Hi there, how are you doing?
I just finished Lesson 4 MNIST and I’m going through it again doing things a bit differently. Instead of using MNIST_Sample, I used MNIST. I noticed that there are only training data in this set. So I decided to split those data into training and valid set.
However, I found out that my dataset is wrong as the result I got (using the optimized Learner module) has starting accuracy of 100% and then degraded.
I hope you could take a look of my code and help me debug this problem.
Eight_path = (path/‘training/8’).ls().sorted()
Five_path = (path/‘training/5’).ls().sorted()
Eight_list = [tensor(Image.open(i)) for i in Eight_path]
Five_list = [tensor(Image.open(i)) for i in Five_path]
Eight_tensor = torch.stack(Eight_list).float()/255
Five_tensor = torch.stack(Five_list).float()/255
Eight_tensor = Eight_tensor.view(-1,2828)
Five_tensor = Five_tensor.view(-1,2828)
Eight_label = tensor([1]*len(Eight_tensor))
Five_label = tensor([0]*len(Five_tensor))
Data = torch.cat([Eight_tensor,Five_tensor])

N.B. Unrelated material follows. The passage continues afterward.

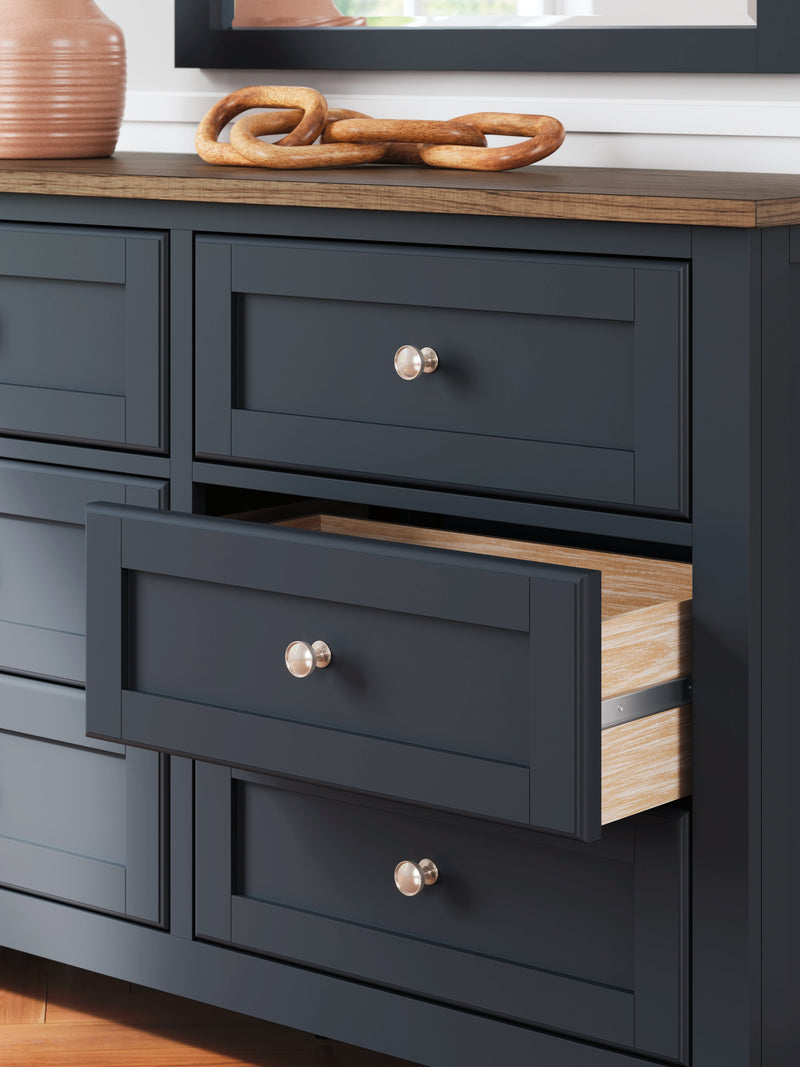Landocken Full Panel Headboard with Mirrored Dresser in Brown/Blue from Ashley - Luna Furniture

Data_label = torch.cat([Eight_label, Five_label]).unsqueeze(1)
def Data_split(Dataset, ratio):
Test_length = round(len(Dataset)*0.8)
Train_length = len(Dataset) - Test_length
return Dataset[0:Test_length-1], Dataset[Test_length-1:]
SplitRatio = 0.8
Data_train, Data_valid = Data_split(Data, 0.8)
Label_train, Label_valid = Data_split(Data_label,0.8)
Train_dset = list(zip(Data_train, Label_train))
Valid_dset = list(zip(Data_valid, Label_valid))
Train_MiniBatch = DataLoader(Train_dset, batch_size = 256)
Valid_MiniBatch = DataLoader(Valid_dset, batch_size = 256)
dls = DataLoaders(Train_MiniBatch, Valid_MiniBatch)
learn = Learner(dls, nn.Linear(28*28,1), opt_func=SGD,
loss_func = loss_fx, metrics = batch_accuracy)